The IRS Large Business and International division has released 50 campaigns that expands the government’s tax enforcement and administration efforts. These campaigns are part of the IRS’s strategy to focus limited resources on areas of noncompliance.
The campaigns are designed to focus on taxpayer noncompliance and areas in which the IRS believes scrutiny is needed and to drive taxpayer behaviors. Although the name suggests that these campaigns are solely for large businesses, it is still a good practice to have an idea of what these campaigns are.
Here are some notable campaigns that you need to know:
1. S Corporation Distributions
S Corporations and their shareholders are required to properly report the tax consequences of distributions. We have identified three issues that are part of this campaign. The first issue occurs when an S Corporation fails to report gain upon the distribution of appreciated property to a shareholder.
The second issue occurs when an S Corporation fails to determine that a distribution, whether in cash or property, is properly taxable as a dividend. The third issue occurs when a shareholder fails to report non-dividend distributions in excess of their stock basis that are subject to taxation. The treatment streams for this campaign include issue-based examinations, tax form change suggestions, and stakeholder outreach.
2. S Corporation Losses Claimed in Excess of Basis Campaigns
S corporation shareholders report income, losses and other items passed through from their corporation. The law limits losses and deductions to their basis in the corporation. LB&I has found that shareholders claim losses and deductions to which they are not entitled because they do not have sufficient stock or debt basis to absorb these items.
LB&I has developed technical content for this campaign that will aid revenue agents as they examine the issue. The treatment streams for this campaign will be issue-based examinations, soft letters (PDF) encouraging voluntary self-correction, conducting stakeholder outreach, and creating a new form for shareholders to assist in properly computing their basis.
3. S Corporations Built in Gains Tax
C corporations that convert to S corporations are subjected to the Built-in Gains tax (BIG) if they have a net unrealized built-in gain and sell assets within 5 years after the conversion. This tax is assessed to the S corporation. LB&I has found that S corporations are not always paying this tax when they sell the C corporation assets after the conversion.

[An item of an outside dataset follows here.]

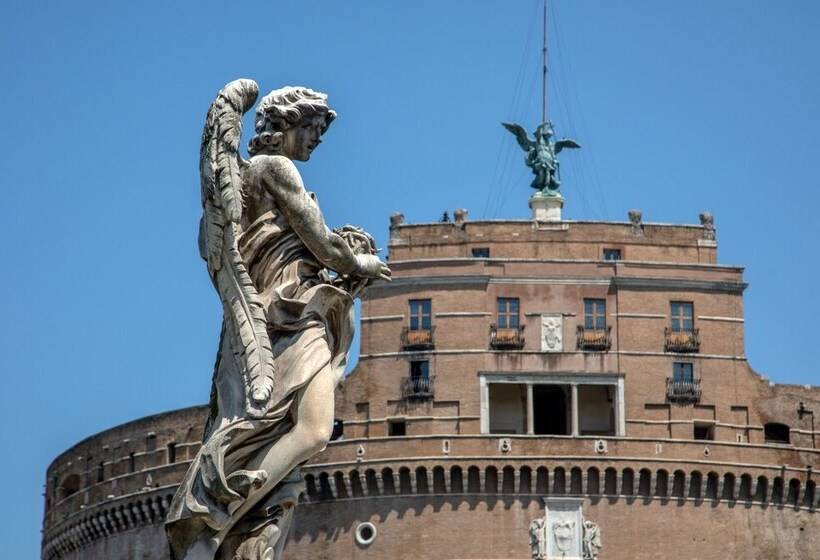 פנסיון Porta Castello Suites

LB&I has developed comprehensive technical content for this campaign that will aid revenue agents as they examine the issue. The goal of this campaign is to increase awareness and compliance with the law as supported by several court decisions. Treatment streams for this campaign will be issue-based examinations, soft letters, and outreach to practitioners.
4. Virtual Currency
U.S. persons are subject to tax on worldwide income from all sources including transactions involving virtual currency. IRS Notice 2014-21 states that virtual currency is property for federal tax purposes and provides information on the U.S. federal tax implications of convertible virtual currency transactions. The Virtual Currency Compliance campaign will address noncompliance related to the use of virtual currency through multiple treatment streams including outreach and examinations.
The compliance activities will follow the general tax principles applicable to all transactions in property, as outlined in Notice 2014-21. The IRS will continue to consider and solicit taxpayer and practitioner feedback in education efforts, future guidance, and development of Practice Units. Taxpayers with unreported virtual currency transactions are urged to correct their returns as soon as practical. The IRS is not contemplating a voluntary disclosure program specifically to address tax non-compliance involving virtual currency.